= Banknotes of the Venezuelan venezolano =

Banknotes of the Venezuelan venezolano circulated between 1872 and 1879.

==Compañia de Crédito==
Compañia de Crédito, which had been established on 9 December 1870 by Gen. Antonio Guzmán Blanco, was privately owned with minority government participation and was created primarily in order to pay off outstanding government debts. Guzmán increased central government power by virtually privatizing customs collection (the chief source of national and regional government income) through this institution. It issued notes to the bearer for 5, 10, 50, and 100 venezolanos until it was liquidated effective 1 July 1876.

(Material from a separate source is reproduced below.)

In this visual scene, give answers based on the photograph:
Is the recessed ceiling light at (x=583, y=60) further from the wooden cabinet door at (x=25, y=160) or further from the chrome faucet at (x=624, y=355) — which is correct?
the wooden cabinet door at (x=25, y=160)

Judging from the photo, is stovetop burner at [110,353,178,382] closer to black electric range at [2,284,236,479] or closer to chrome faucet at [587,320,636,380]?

It issued only one series of notes, printed by American Bank Note Company. The notes were uniface and of uniform size, 195 × 102 mm. The payment clause reads "Vale por [numeric counter] que se pagarán al portador en Carácas á la presentacíon" (roughly translated to "Worth [numeric counter] which will be paid to the bearer in Carácas when presented").
- 5 venezolanos (P-S326)
- 10 venezolanos (P-S327)
- 50 venezolanos (P-S328)
- 100 venezolanos (P-S329)

==Banco de Caracas==
Banco de Caracas was founded in July 1876, reorganized on 11 August 1877, and dissolved on 27 March 1881. It made two issues of notes for 5, 20, and 100 venezolanos.

The bank's first series (circa 1876) was printed by American Bank Note Company. The notes were uniface black on white with a tan underprint reading "CAPITAL 160,000 VENEZOLANOS". All three denominations have a payment clause reading "Vale por [numeric counter] que se pagarán al portador en Carácas á la presentacion" and bear two signatures: Por la Direccíon + El Administrador. The notes are of uniform size: 207 × 104 mm.
- 5 venezolanos (P-S111) seated woman with boxes (centre)
- 20 venezolanos (P-S112) Columbus sighting land (centre)
- 100 venezolanos (P-S113) explorers landing (centre)

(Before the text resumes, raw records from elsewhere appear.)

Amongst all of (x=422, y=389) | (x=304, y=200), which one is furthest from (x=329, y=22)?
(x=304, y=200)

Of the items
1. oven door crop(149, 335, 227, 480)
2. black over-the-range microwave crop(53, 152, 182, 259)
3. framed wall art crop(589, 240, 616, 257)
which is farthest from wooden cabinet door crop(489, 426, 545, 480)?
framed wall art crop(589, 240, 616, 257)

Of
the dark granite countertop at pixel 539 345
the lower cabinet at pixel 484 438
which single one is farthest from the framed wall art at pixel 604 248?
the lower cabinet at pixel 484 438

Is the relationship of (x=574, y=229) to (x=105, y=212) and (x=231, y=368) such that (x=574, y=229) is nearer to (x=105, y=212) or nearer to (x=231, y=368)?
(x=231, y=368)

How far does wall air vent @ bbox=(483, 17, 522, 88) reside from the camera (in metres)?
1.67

The bank's second series resulted from its 1877 reorganization and increase in capital. These are also uniface notes printed by American Bank Note Company. The notes are of a new design. The same payment clause is retained, but the underprint has been altered to "CAPITAL 200,000 VENEZOLANOS".
- 5 venezolanos, (P-S116)
- 20 venezolanos, blue underprint, (P-S117)
- 100 venezolanos (P-S118)

==State of Guayana==
The province of Guayana (Estado de Guayana) issued state notes of limited local significance in 1878-1880 for 50 centésimos and 1, 2, 4, and 8 venezolanos.